# I. Phoneme classification 

This is the second part of **Homework 1** and it accounts for 60 points of the total score of 100 points for **Homework 1**.

In this assignment, you are asked to classify audio segments into 7 phoneme classes (VS, NF, SF, WF, ST, CL and q for glotal ). The meaning of those classes (except q) is given in the following table.


![Phoneme classes](image/phoneclass.png)

This assignment contains three tasks:

    - Task 1: Data Preparation and Feature extraction (10 points)
    - Task 2: A simple frame-based classification (35 points)
    - Task 3: Written report (15 points)

For Task 1, you are asked to use librosa to extract MFCC features from wavfiles. 

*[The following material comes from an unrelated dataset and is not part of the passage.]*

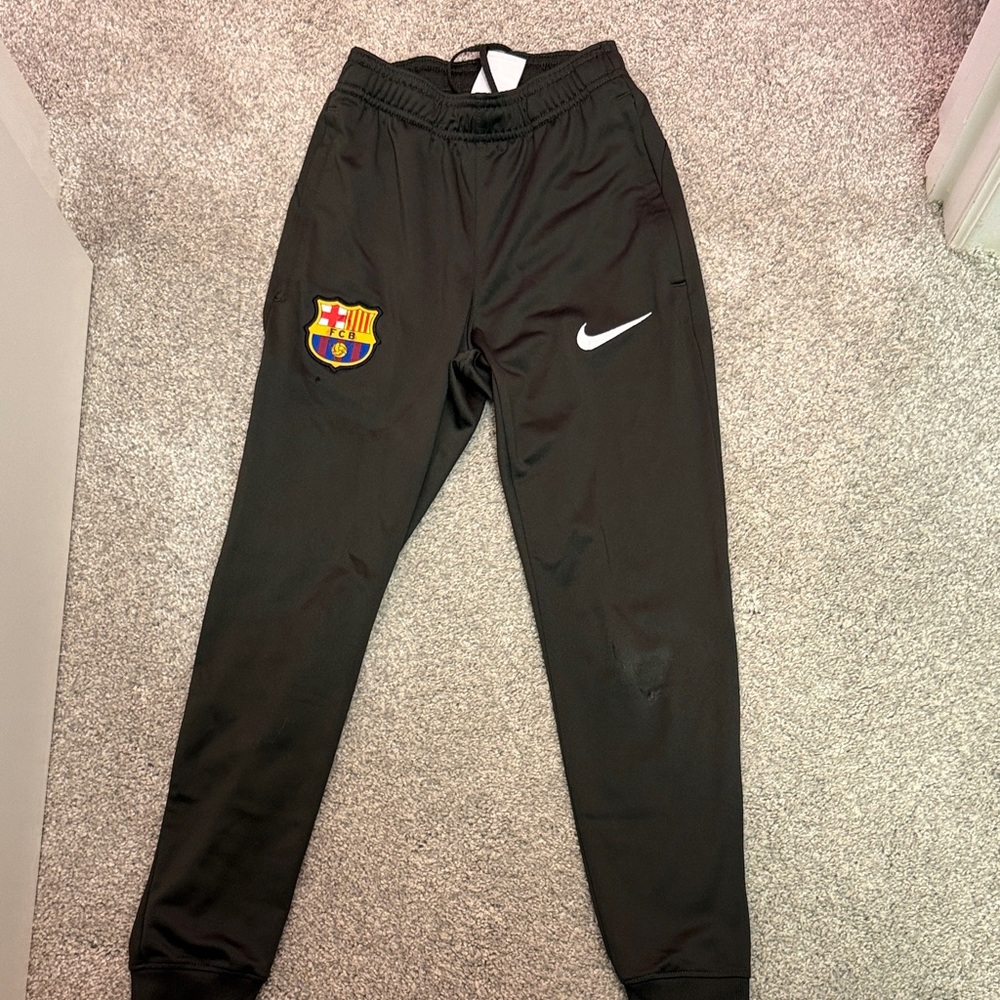 Nike F.C. Barcelona Kids olive green Joggers with Logo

For Task 2, you are given a training dataset and a validation set in the folder audio/part-2. Your method will be evaluated on a hidden test set. Students who can achive results better than our simple baseline can get maximum score of task 2.

For Task 3, you are asked to report your experimental results.

## II. Submission instruction 

Notes:

    1. The notebook will generate python files in submission. The submission folder will need to be uploaded to the course website. 
    2. While solving the assignment, do **NOT** change class and method names, autograder tests will fail otherwise. However, you can add utility functions into base class if needed.
    3. You'll also have to upload a **PDF version** of the notebook (which would be primarily used to grade your report section of the notebook).  
    
Put the `submission` folder, 2 pdfs exported from 2 notebooks into one folder with name [student_name]_[student_id], zip the folder and upload the course website (the teaching cube).

## III. Setup


In [1]:
%load_ext autoreload
%autoreload 2

`submission` contains all the files that you will submit; output contains the output files of your model

In [2]:
import os
try: 
    os.mkdir('submission')
except FileExistsError:
    pass
try:
   open('submission/__init__.py', 'x')
except FileExistsError:
   pass
try: 
    os.mkdir('output')
except FileExistsError:
    pass

## IV. Data Preprocessing and Feature Extraction (10 points)


In [12]:
%%writefile submission/features.py
import glob
import pickle
import librosa
import scipy
import numpy as np
from tqdm import tqdm
from collections import Counter
from sklearn import preprocessing

def wavfile_to_mfccs(wavfile):
    """
    Returns a matrix of shape (nframes, 39), since there are 39 MFCCs (deltas
    included for each 20ms frame in the wavfile).
    """
    x, sampling_rate = librosa.load(wavfile)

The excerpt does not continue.